## Your assignment
Copy out the listing in full, exactly as written, but not its pictures.

## Dataset excerpt

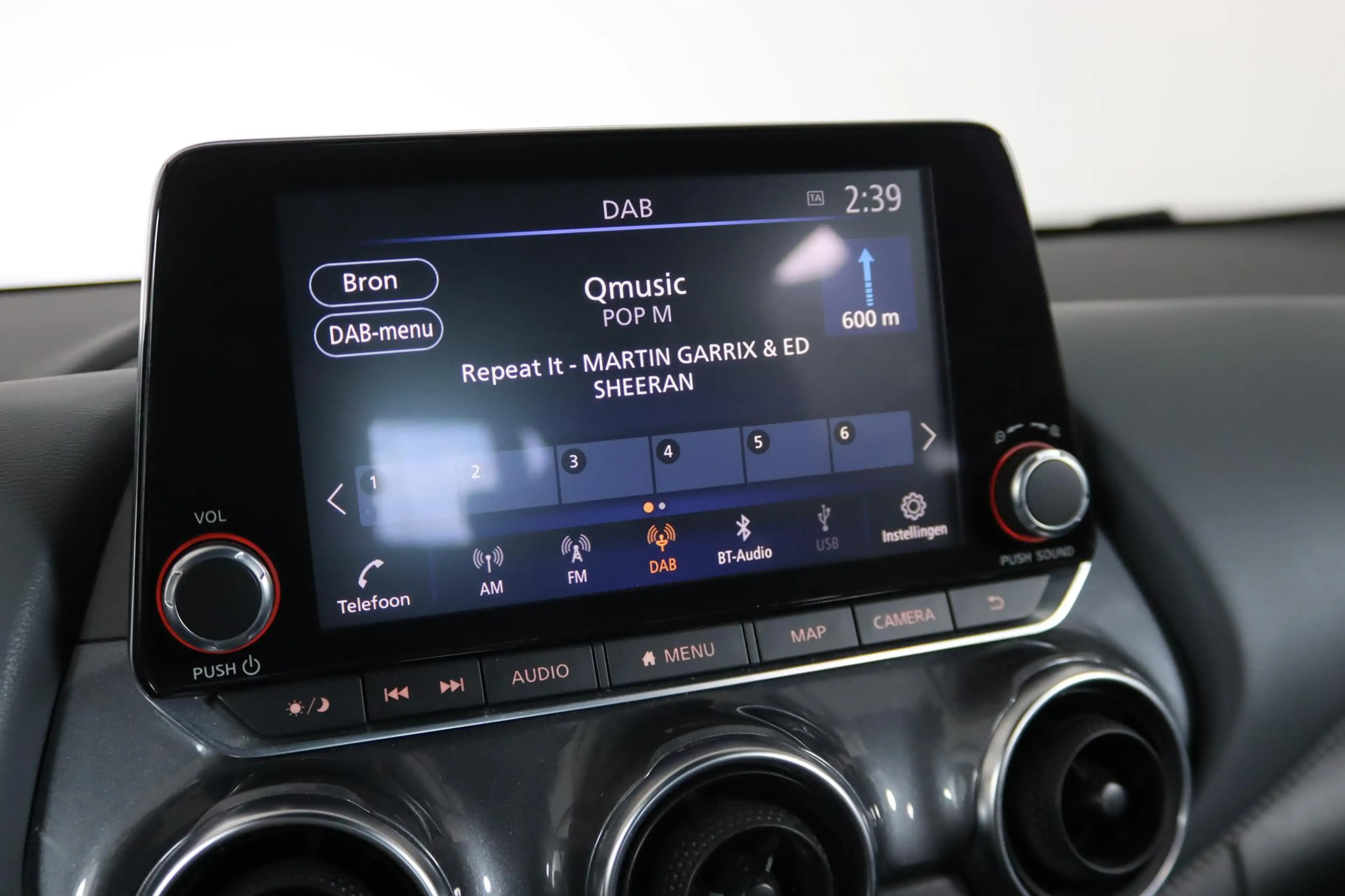 Nissan Juke 1.0 DIG-T N-Connecta Camera, — photo 33
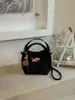 Bolso cruzado de alta gama pequeño para mujer, nuevo, retro, de nicho, tipo cubo para commuting, elegante, de un solo hombro, cruzado, moderno
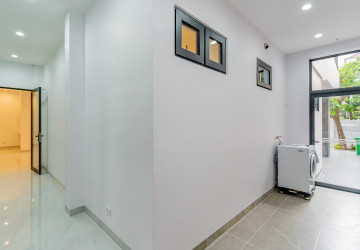4 Bedroom Villa For Rent - Bassac Garden City, Tonle Bassac, Phnom Penh thumbnail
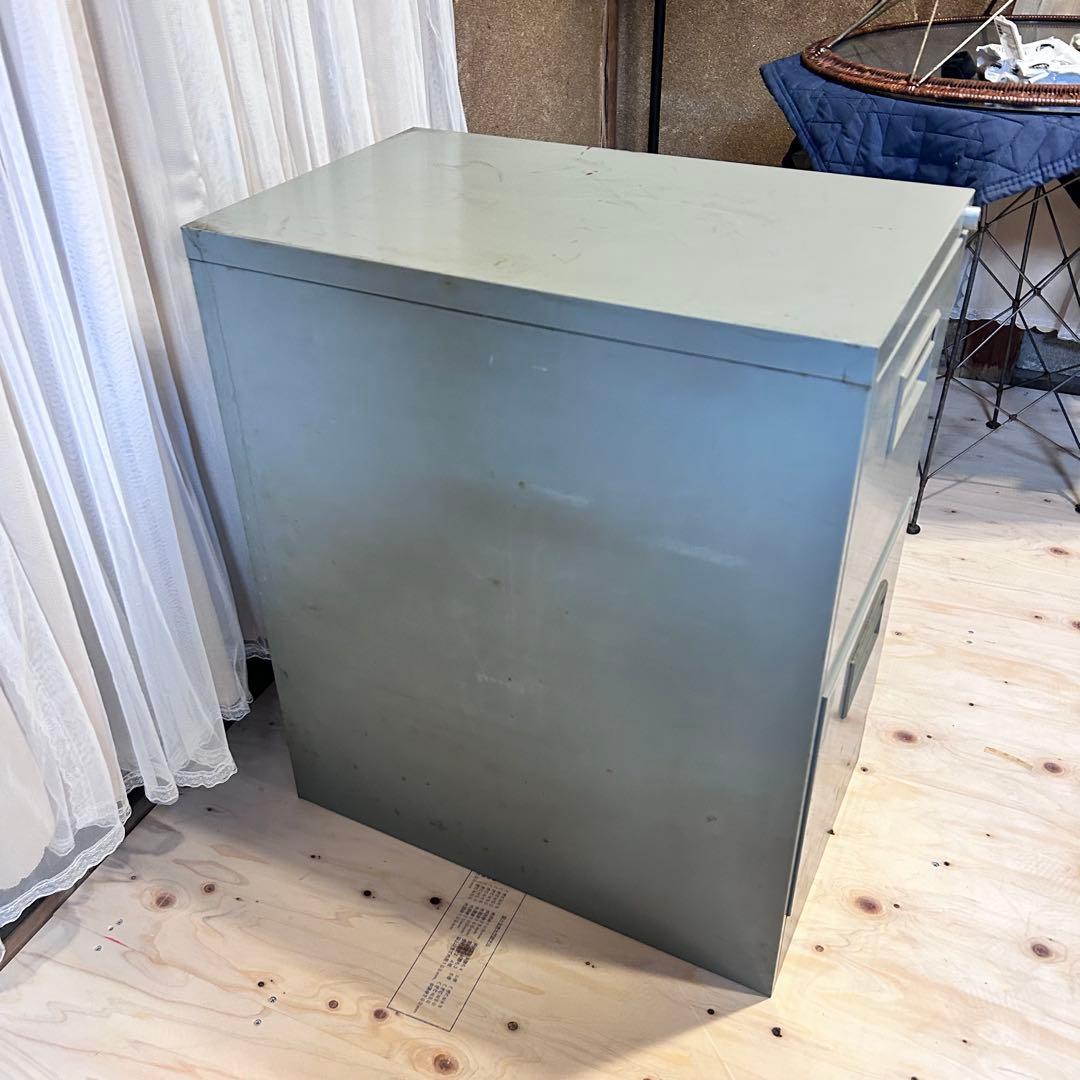 インダストリアル スチール 2段ファイルキャビネット 鍵なし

## Finished exercise
 Nissan Juke 1.0 DIG-T N-Connecta Camera, — photo 33
 Bolso cruzado de alta gama pequeño para mujer, nuevo, retro, de nicho, tipo cubo para commuting, elegante, de un solo hombro, cruzado, moderno
4 Bedroom Villa For Rent - Bassac Garden City, Tonle Bassac, Phnom Penh thumbnail
 インダストリアル スチール 2段ファイルキャビネット 鍵なし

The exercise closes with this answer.